Il punto più basso del festival lo si è toccato con “Knight of cups di Malick, grandissimo autore che ha mostrato il mondo attraverso i pensieri dei grandi filosofi con opere come The thin red line“, The new world o The tree of life“, tre CAPOLAVORI indiscutibili ma, se già con To the wonder poteva nascere il sospetto che Malick marciasse un po’ dentro alla sua autorialità, qui ne abbiamo la conferma: inquadrature di “Tree of life“ riprodotte in maniera identica (come quella dell’altalena o delle sequenze nel deserto che accompagnano entrambi i film). Un Bale inespressivo al punto da risultare quasi insopportabile. Pensieri già espressi nelle sue precedenti opere per poi sfociare in un finale di una banalità sconcertante. Insomma: siamo davanti ad un opera di un grande autore e, considerata la media dei film che escono oggi in sala, si può parlare comunque di un BEL film, però resta un gigantesca delusione.

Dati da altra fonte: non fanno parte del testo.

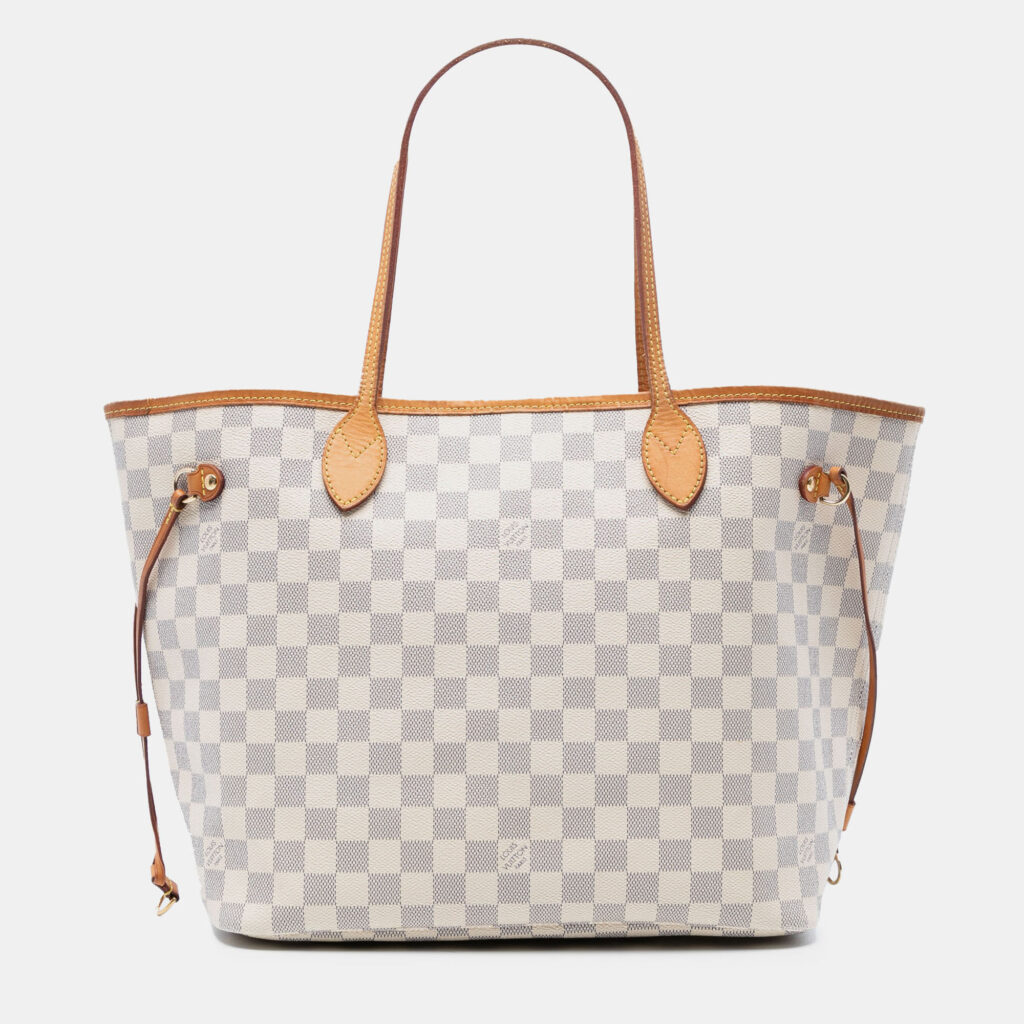 Louis Vuitton White Damier Azur Neverfull MM Louis Vuitton White Damier Azur Neverfull MM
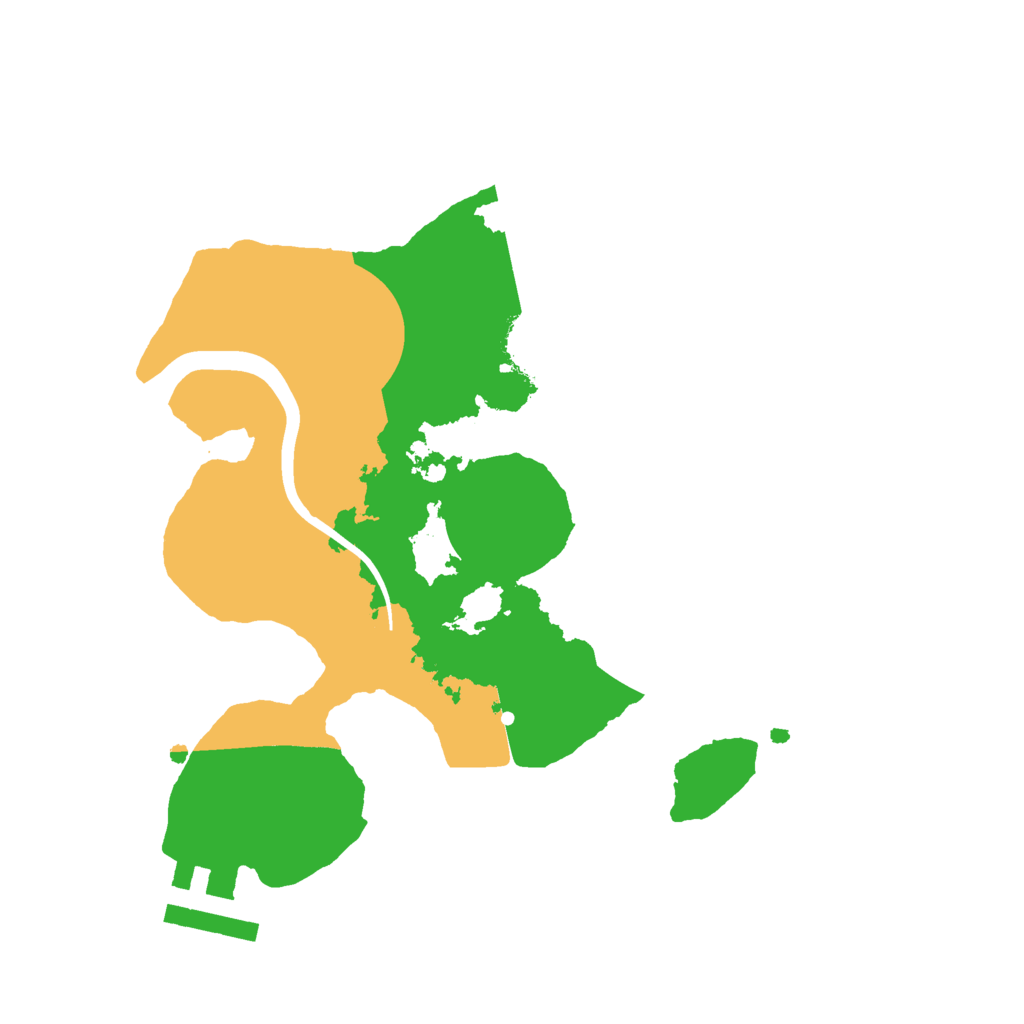 Biome Rust Map: Procedural Map, Size: 2200, Seed: 102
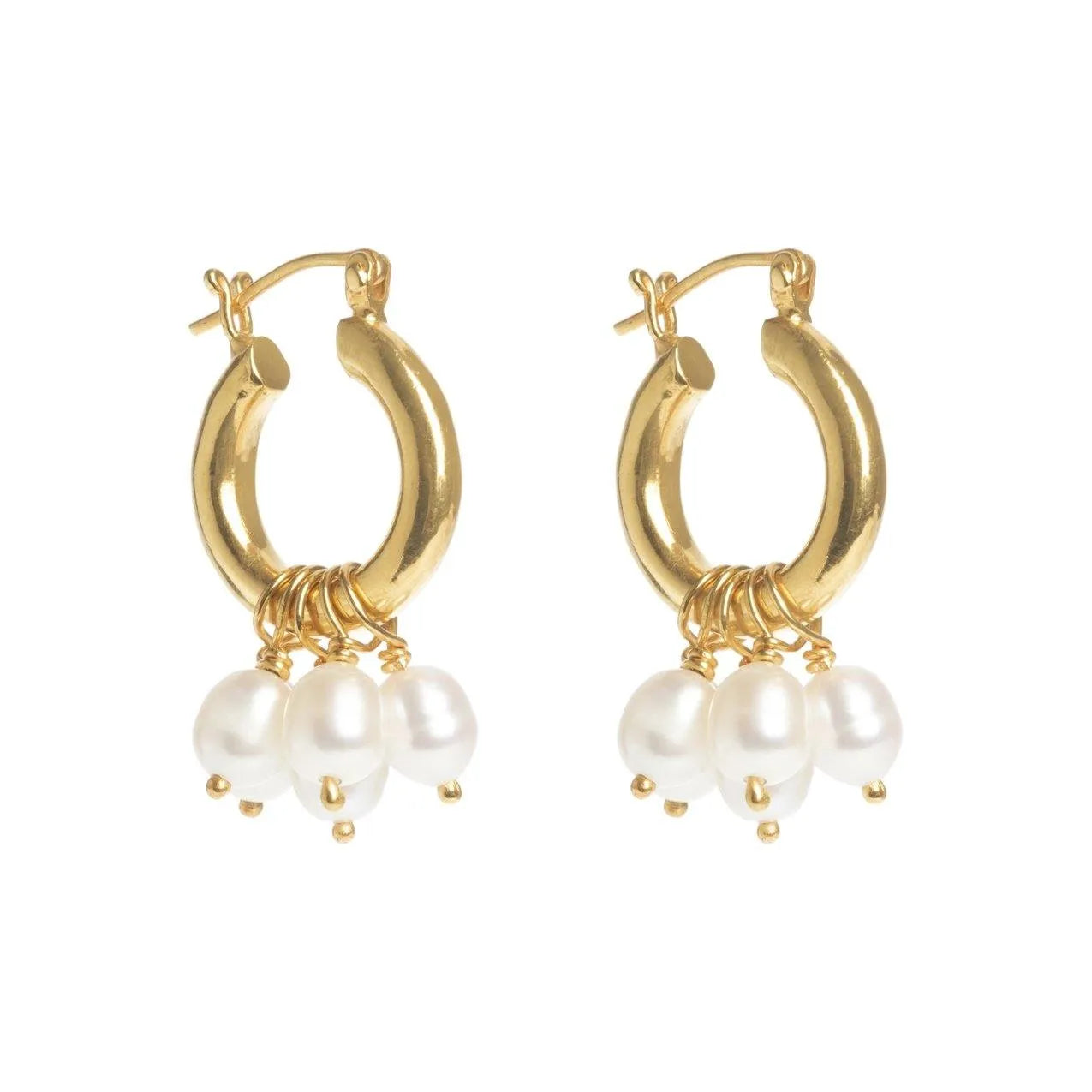 Freya Rose Mini Hoops Detachable Pearls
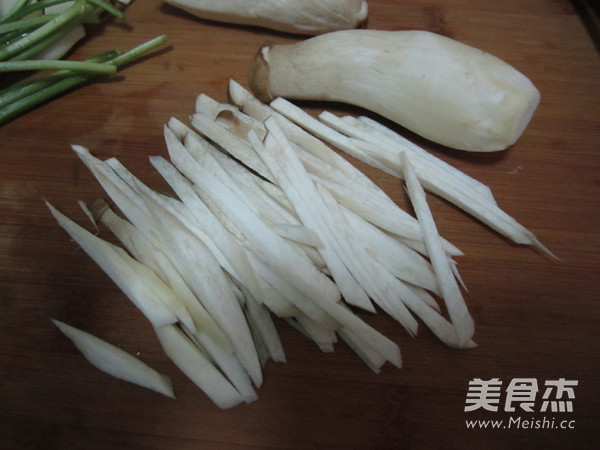 Stir-fried Pleurotus Eryngii recipe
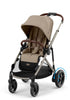 Kinderwagen 'e-Gazelle S' Almond Beige / Taupe Frame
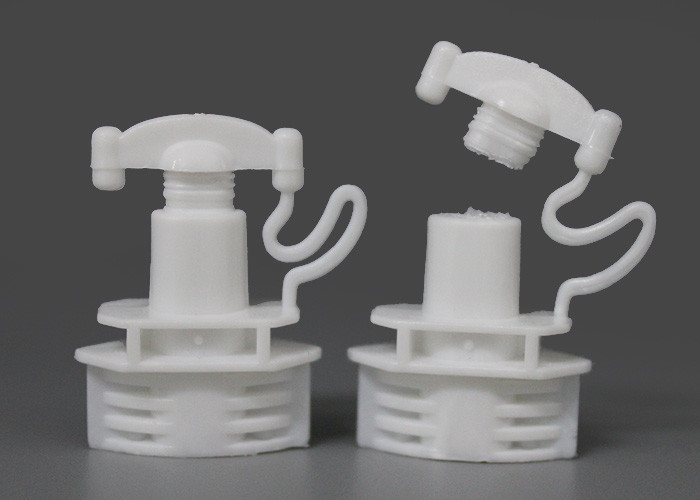 White Twist Spout Cap Packing On Soft Package PE Food Grade Material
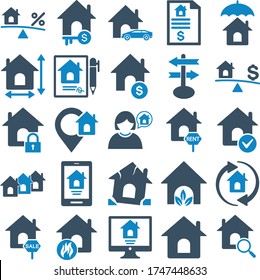 Home & Real State Set 0e Icon (vector Illustration)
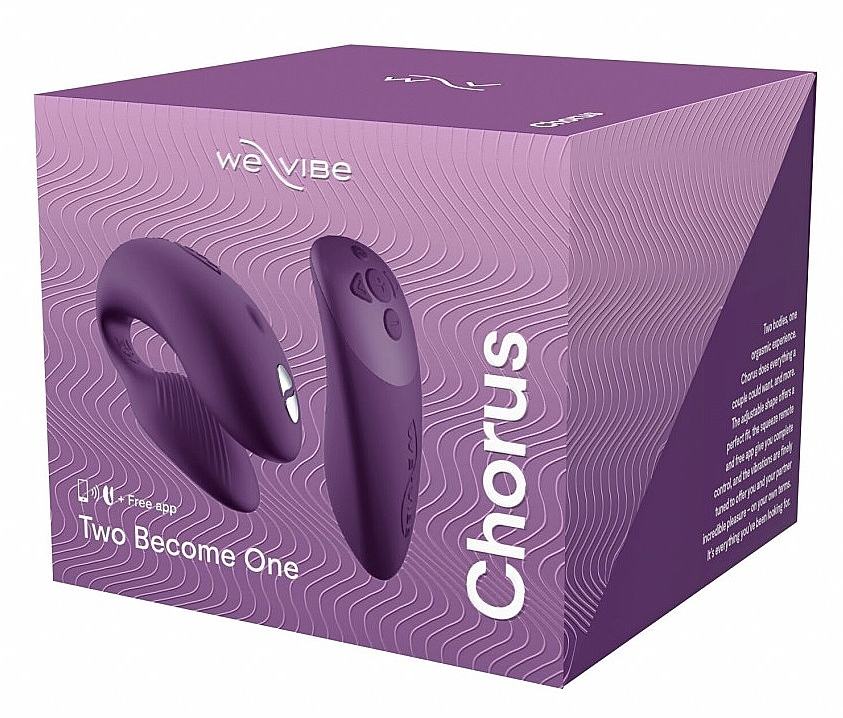 PRZECENA! Wibrator dla par z pilotem, fioletowy - We-Vibe Chorus Cosmic Purple * — Zdjęcie N1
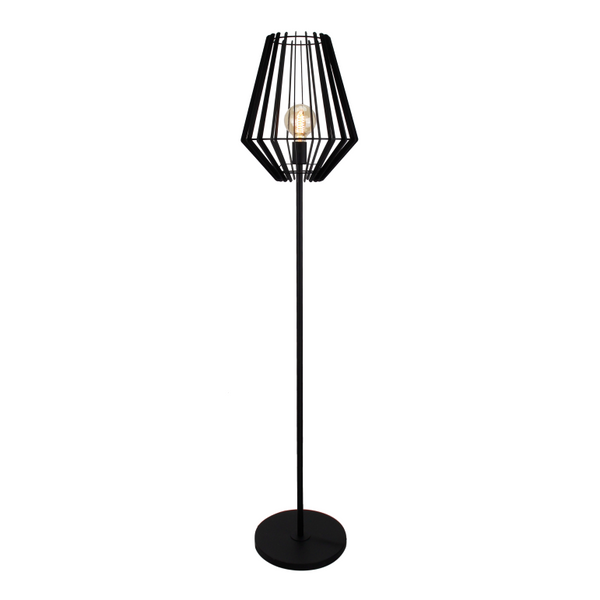 De zwarte Tavola vloerlamp met modern design past perfect in elke sfeervolle woonkamer. Een eye-catcher van formaat!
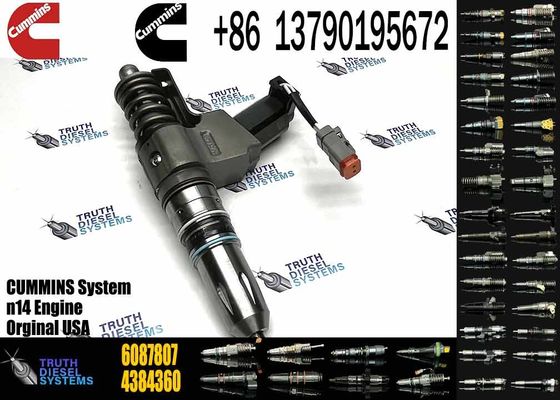Factory OEM quality Brand New Diesel Common Rail Fuel Injector Assembly 4307516 3087560 4384360 for C ummins N14 engine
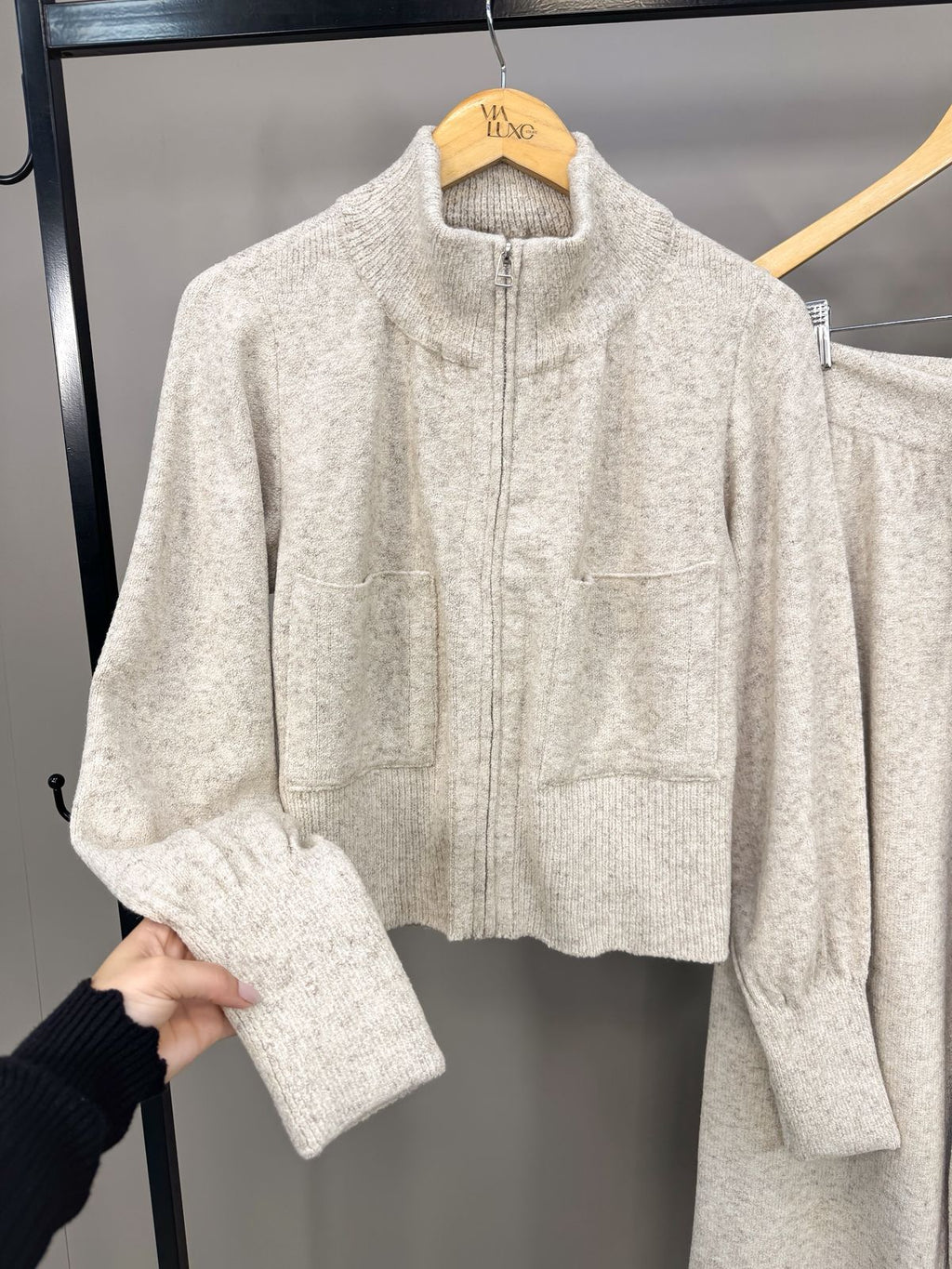 Conjunto Tais® em Tricô Mousse – Elegância e Conforto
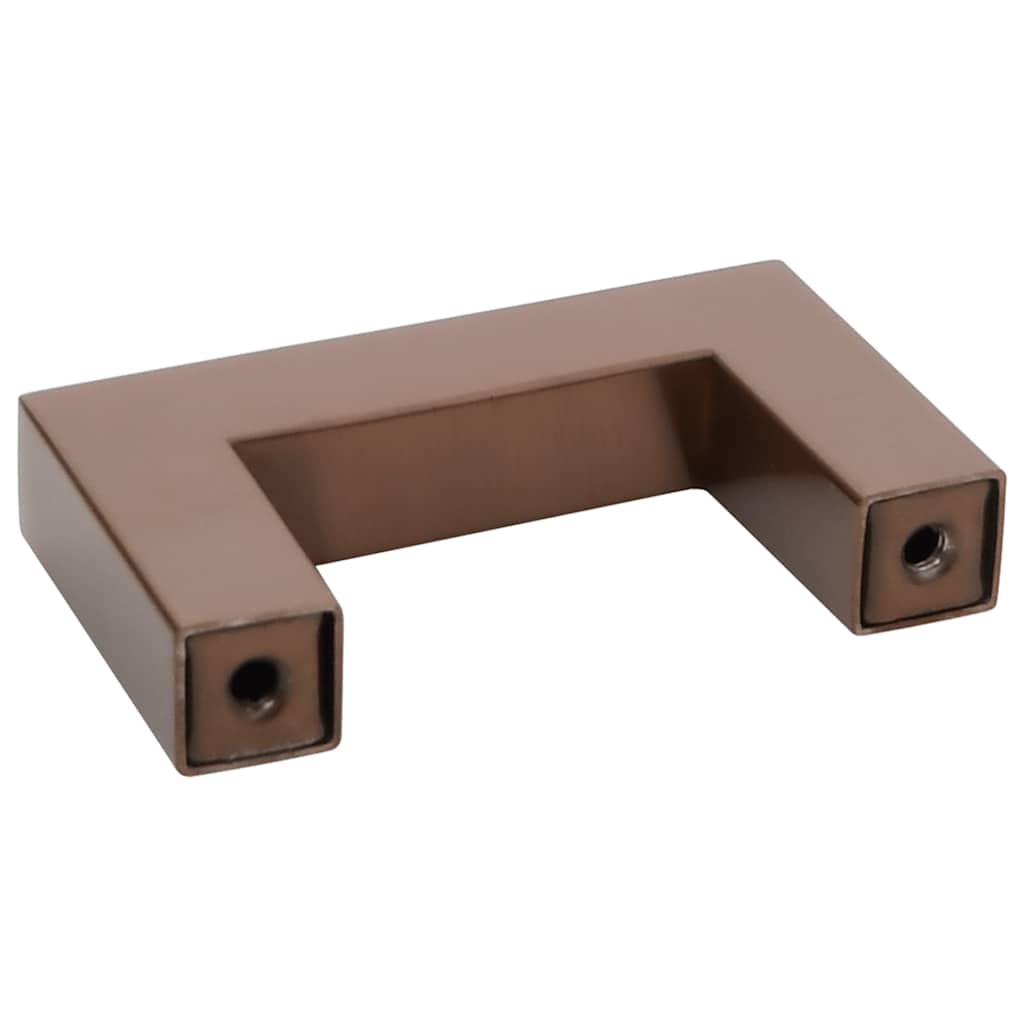 Cabinet Handles 10 pcs Bronze 64 mm Stainless Steel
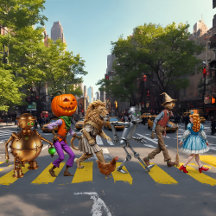 Yellow crosswalk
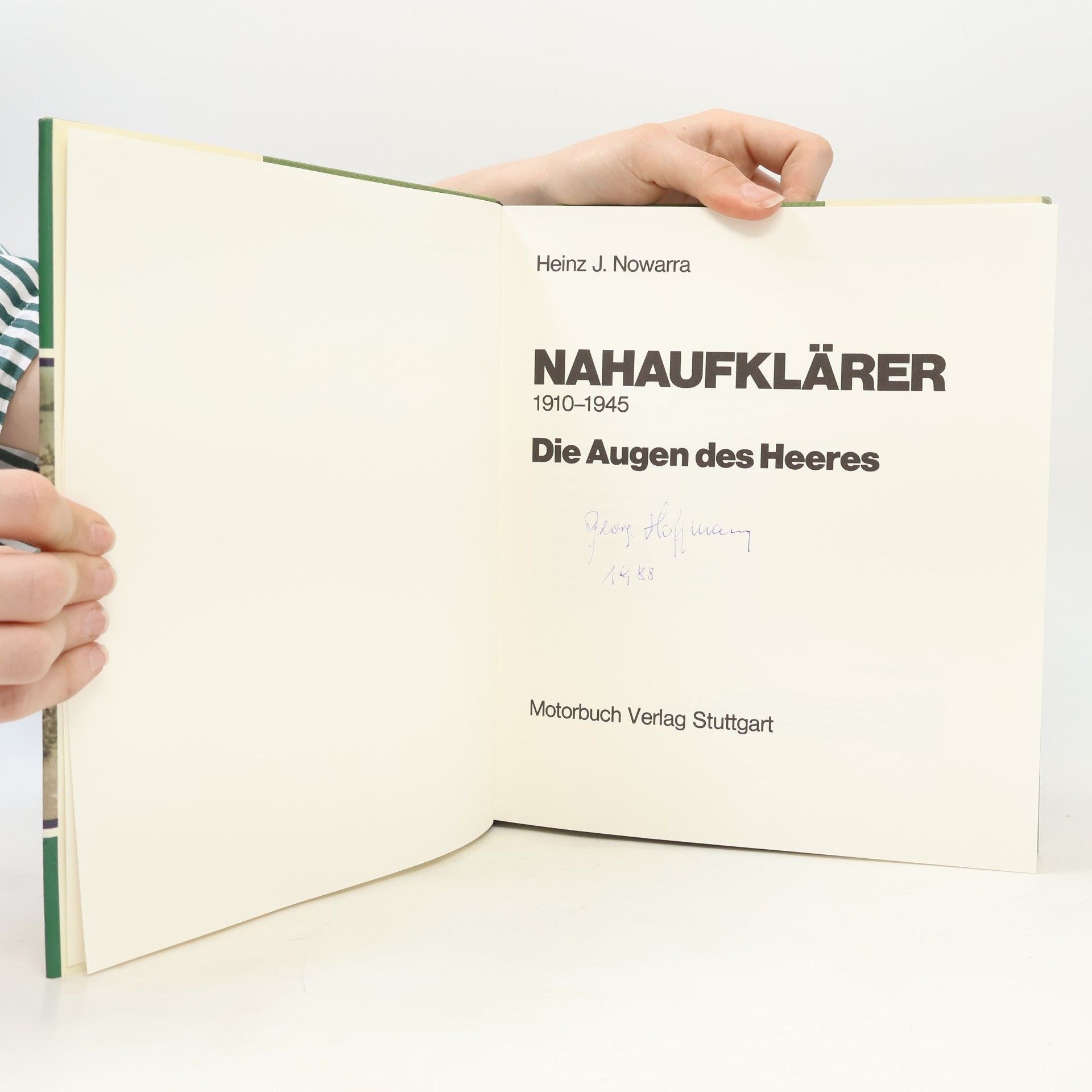 Heinz J. Nowarra Nahaufklärer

Interessanti anche alcuni film presentati nella sezione generation (l’equivalente di Alice nelle città a Roma o al Festival di Giffoni) come Beira Mar o One e Two, quest’ultimo visto con un grande interesse in quanto fan del regista che recentemente abbiamo visto con il meraviglioso documentario “Rich Hill e alla direzione della fotografia di “You’re Next”. Un racconto che spazia tra il drammatico ed il fantasy, davvero ben fatto, con una narrazione fuori dagli schemi che dimostra ancora una volta quanto Berlino sia ben lontano dagli scempi come “Un Ponte Per Terabithia”.

Notevoli anche alcuni film presentati nella sezione “Forum“ che raccoglie opere sperimentali/indipendenti come “Queen of the earth di Perry o il tedesco “Superworld entrambe opere dotate di forte tensione.

Ma il miglior film del festival resta, ad opinione del sottoscritto, il russo Under the eletric cloud diretto dal figlio del compianto A. German che giusto due anni fa portò a Roma il capolavoro “Hard To Be A Good“; con questo film il figlio si dimostra una geniale cineasta capace di raccontare la società odierna in modo graffiante, scomodo e totalmente GENIALE. Tra qualche anno lo vedremo nelle scuole di cinema, speriamo…
Memorabile anche il mercato del cinema, a cui hanno accesso coloro con il badge mercato o professionale, un luogo di immense proporzioni in cui alloggiano gli stand di molti produttori e distributori con i quali puoi concludere accordi per realizzare o addirittura vendere un film già terminato.